Too much anarchy, and nobody learns a thing. The discussion never advances and very little progress can be made. If any is, it’s purely by chance.

Too little anarchy, too much certainty, and nobody learns a thing. The discussion never advances and very little progress can be made. If any is, it’s purely by chance.

Powell’s 40/70 Rule offers a window into what balanced chaos and a shared sense of curiosity, with just enough security to be viable, can offer.

A Garbage Can Product Roadmap

In this post, I’ve described a variant of Bouzada’s Strategic Roadmap with the harsh environment of the Garbage Can Model (1972), orthodox Blank (2010, 2020) and Laloux (2016).

There many enabling conditions to building a Garbage Can Product Roadmap, that:

  • There can be transparent discussions about the validity of a Vision.
  • Everybody has wisdom to contribute in generating alternatives.
  • A group of people can engage in a discussion about alternate futures.
  • Alternatives can be weighted.
  • Facts from outside the building will be trusted or factored.
  • Assumptions are recognized as assumptions.
  • Assumptions can be structured into a tree or tree-like sequence.
  • Assumptions can be tested.
  • Test results will be trusted.
  • The 40/70 rule provides enough security for uncertainty to be resolved.

It’s a long list

It’s probably in everybody’s best interest for product management to smooth the worst features of the Garbage Can while embracing some its best features.

Sources

Blank, S. (2020). The four steps to the epiphany: successful strategies for products that win.

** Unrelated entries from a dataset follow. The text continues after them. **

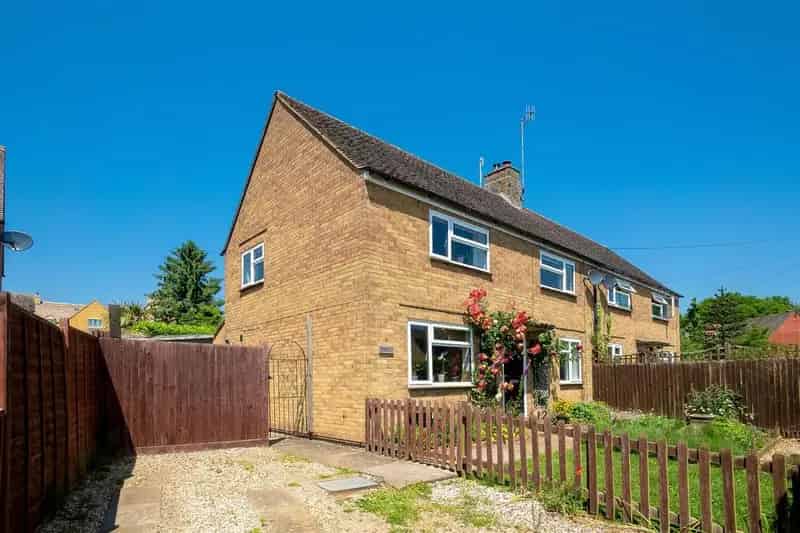 3 bedroom semi-detached house for sale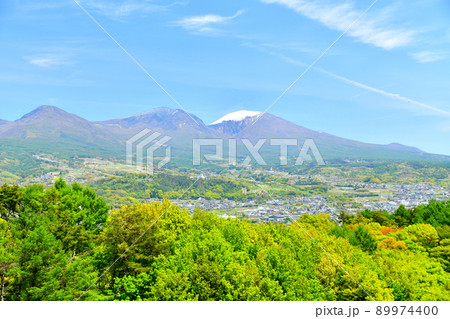 浅間山、黒斑山方面を望む(長野県小諸市)【2022.5】 89974400
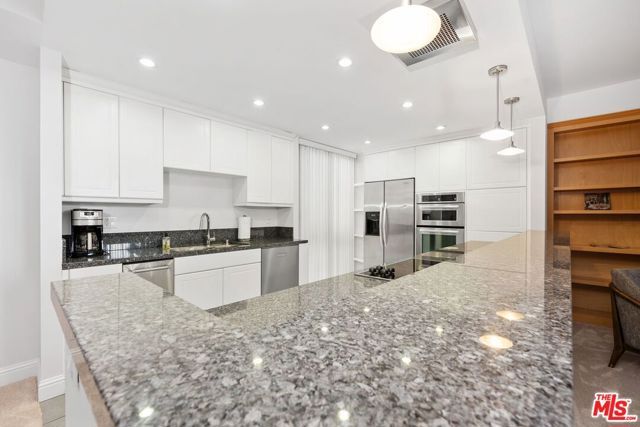 515 Ocean Avenue 407S, Santa Monica, CA 90402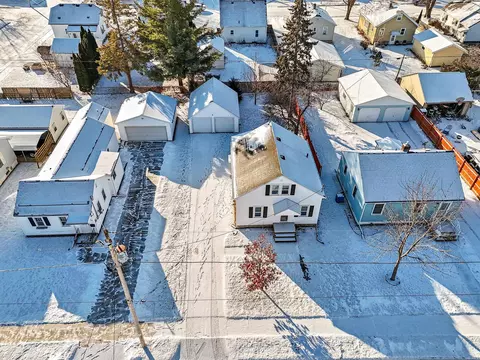 View/Area - 809 W Bell Ave, Appleton, WI 54914 photo 4 of 6
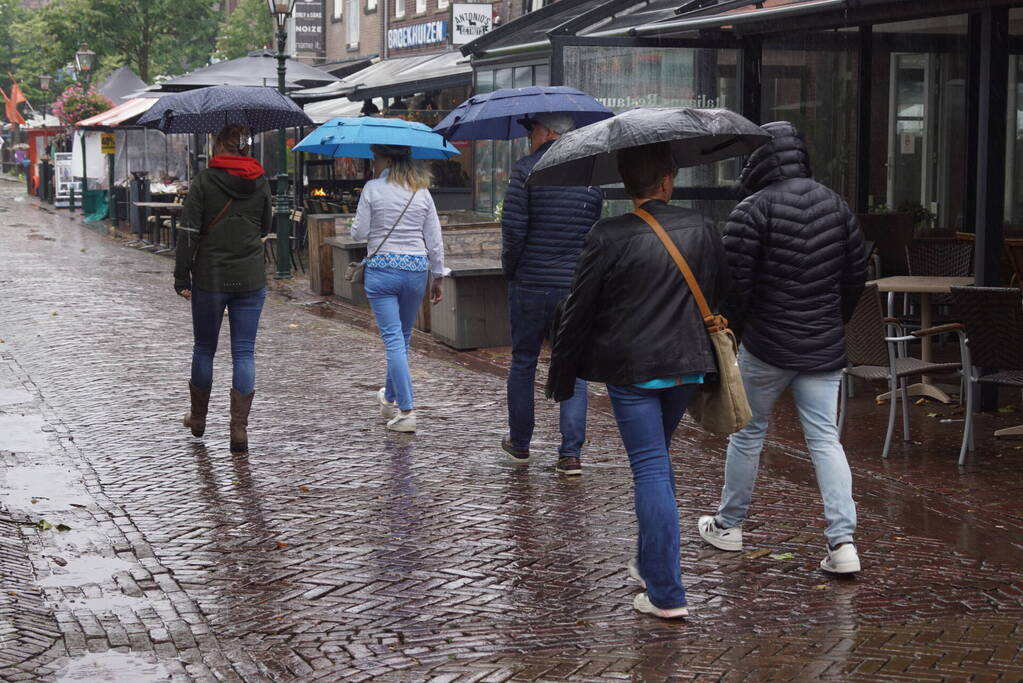 Spakenburgse dag getroffen door regenval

John Wiley & Sons.

Cohen, M. D., March, J. G., & Olsen, J. P. (1972). A garbage can model of organizational choice. Administrative science quarterly, 1-25.

Laloux, F. (2016). Reinventing organizations. LannooCampus.

Moore, G. A., & McKenna, R. (1991). Crossing the chasm.

Münch, J., Trieflinger, S., & Lang, D. (2019, June). Product roadmap–from vision to reality: a systematic literature review. In 2019 IEEE International Conference on Engineering, Technology and Innovation (ICE/ITMC) (pp. 1-8). IEEE.